By Humeyra Pamuk and Simon Lewis
WASHINGTON (Reuters) -The United States on Friday urged Sudan’s military coup leaders to refrain from violence against peaceful protesters ahead of planned demonstrations on Saturday opposing the takeover, saying how the army reacts will be a litmus test.
“Tomorrow is going to be a real indication of what the military intentions are,” said a senior State Department official, briefing reporters on condition of anonymity to discuss sensitive matters.
“We call on the security forces to refrain from any and all violence against protesters and to fully respect the citizens’ right to demonstrate peacefully,” the official said.
U.S. Secretary of State Antony Blinken reinforced the message in a Twitter post later on Friday: “Sudan’s security forces must respect human rights; any violence against peaceful demonstrators is unacceptable.”
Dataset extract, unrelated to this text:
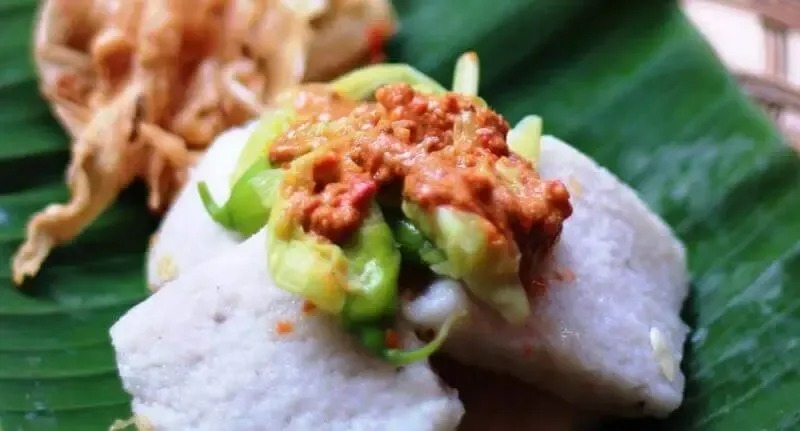 Punten, salah satu makanan khas Pacitan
Washington was relieved to see that ousted Sudanese Prime Minister Abdalla Hamdok had been allowed to return home, the official said, adding that it was not good enough because Hamdok was still under house arrest and unable to resume his work.
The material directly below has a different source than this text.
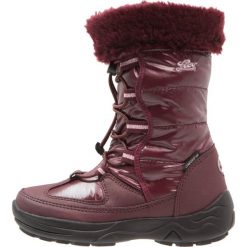 Buty zimowe damskie: LICO ADORA Śniegowce bordeaux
Sudanese General Abdel Fattah al-Burhan dissolved Hamdok’s Cabinet, and soldiers rounded up government ministers on Monday, prompting Western countries to cut off hundreds of millions of dollars in desperately needed aid to the North African country.
Opponents of the coup have called for mass protests on Saturday under the slogan “Leave!”. At least 11 protesters have been killed in clashes with security forces this week, and residents say they fear a full-blown crackdown.
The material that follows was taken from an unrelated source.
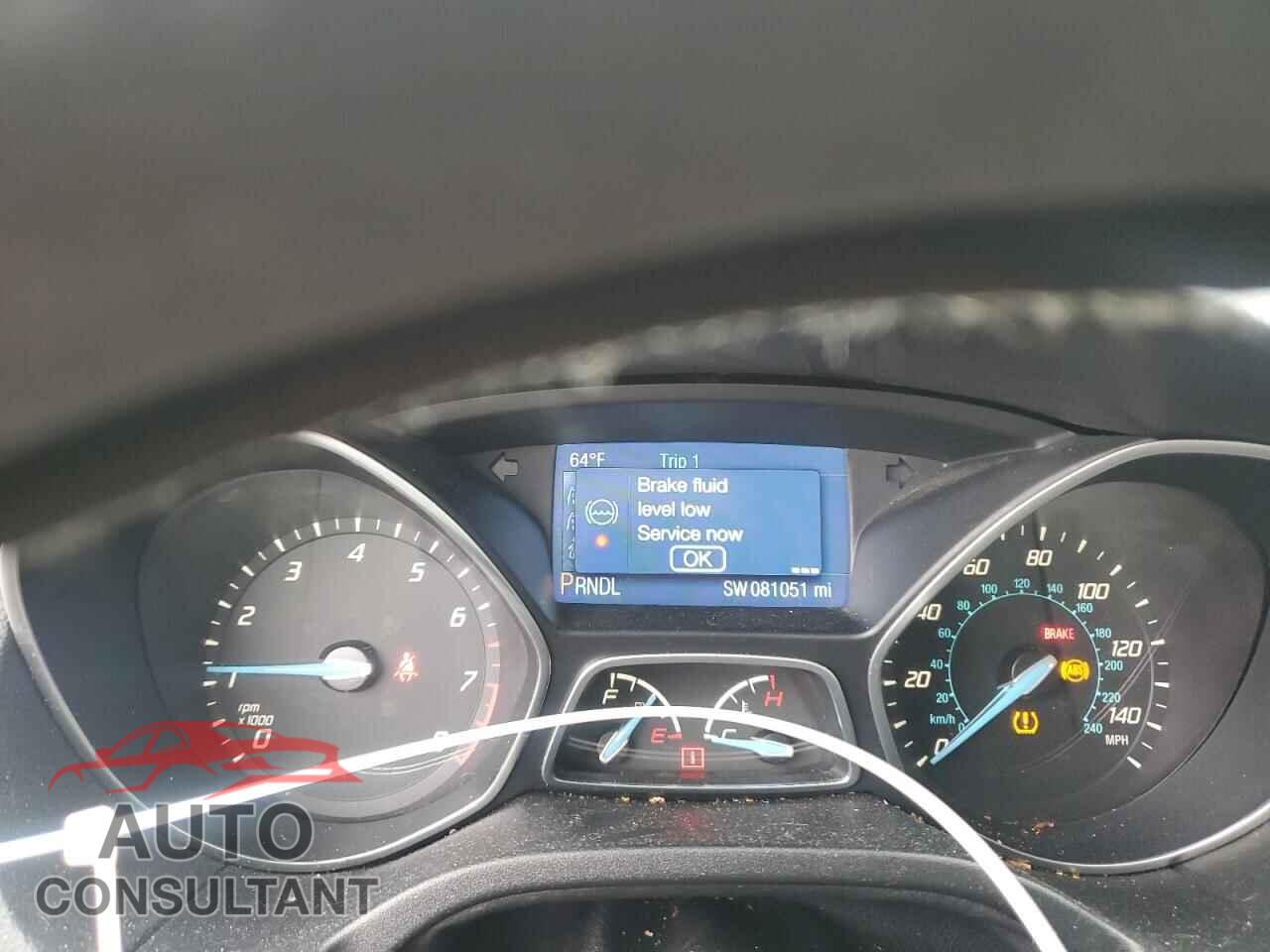 FORD FOCUS 2014 - 1FADP3K25EL144815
The coup has derailed a transition meant to steer Sudan to democracy, with elections in 2023, after long-serving ruler Omar al-Bashir was toppled two years ago.
‘FACE OF BETRAYAL’
The U.S. official called Burhan “the face of turning the clock back in Sudan” and said Washington understood the skepticism of Sudan’s civilian leaders to work with him and the military but added that a full exclusion of the army was not realistic.
“He’s the face of the betrayal of the aspirations of the Sudanese people, a face of the hijacking of the civilian institutions,” the U.S. official said, adding that the civilian leaders would be looking for assurances before bringing themselves to work with him — something he said they should do nevertheless.
“Our civilian partners won’t like to hear me say this — but it’s not realistic to think that you’re going to be able to succeed in the transition if you’ve completely excluded the military from the process,” the official said.
Burhan on Friday said a technocratic prime minister could be announced in a week and left the door open for Hamdok to return and form the new government.
The U.S. official said Washington knew that there were problems with the transition but Sudanese military leaders never hinted at a takeover in their dealings last weekend with the U.S. delegation.
Jeffrey Feltman, President Joe Biden’s special envoy for the Horn of Africa, flew into Khartoum two days before Monday’s coup, as concerns mounted that the transition was running into trouble due to tension between the generals and civilians.
Reuters reported that Feltman warned Burhan not to take any steps against the civilian administration that was overseeing a democratic transition but the army ignored his advice.